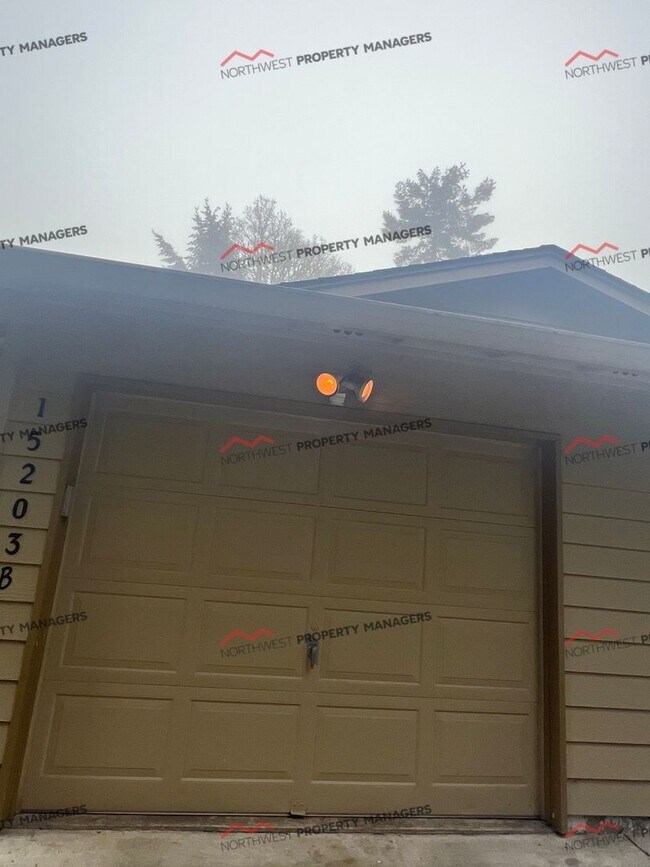 Photo - R152B Unit 15203 B NE 181st St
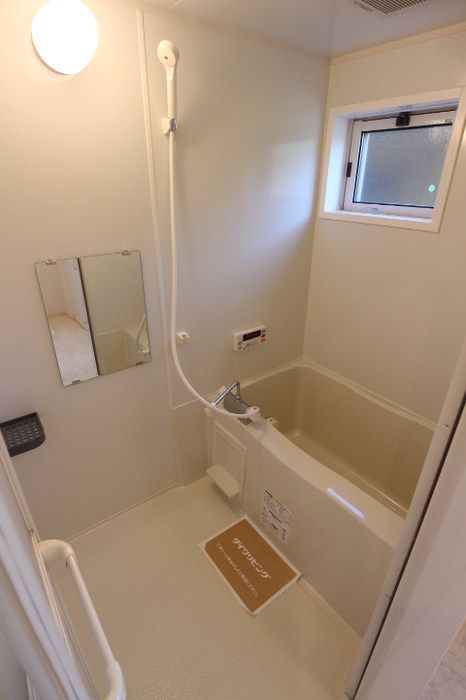 バス・シャワールーム　ゆったり過ごせるお風呂です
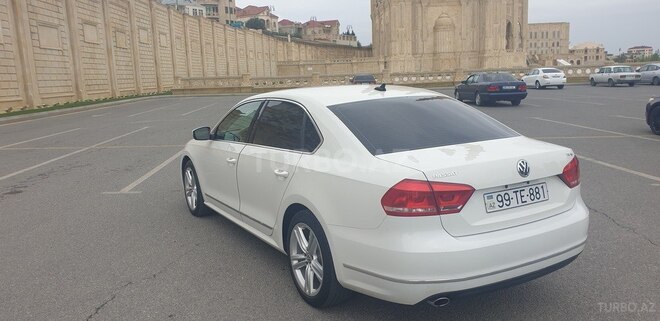 Volkswagen Passat 2014, 131,380 km - 1.8 л - Bakı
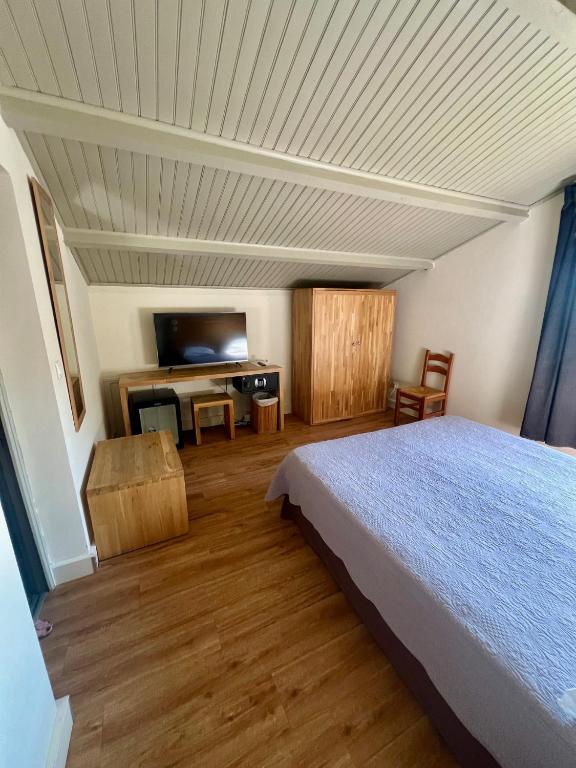 Postel nebo postele na pokoji v ubytování Logis Hotel Le Lonca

══════════

▶ _TRY IT_:
Copy the listing above exactly, minus the pictures.

▶ _REPLY TO THE TASK_:
 Photo - R152B Unit 15203 B NE 181st St
 バス・シャワールーム　ゆったり過ごせるお風呂です
 Volkswagen Passat 2014, 131,380 km - 1.8 л - Bakı
 Postel nebo postele na pokoji v ubytování Logis Hotel Le Lonca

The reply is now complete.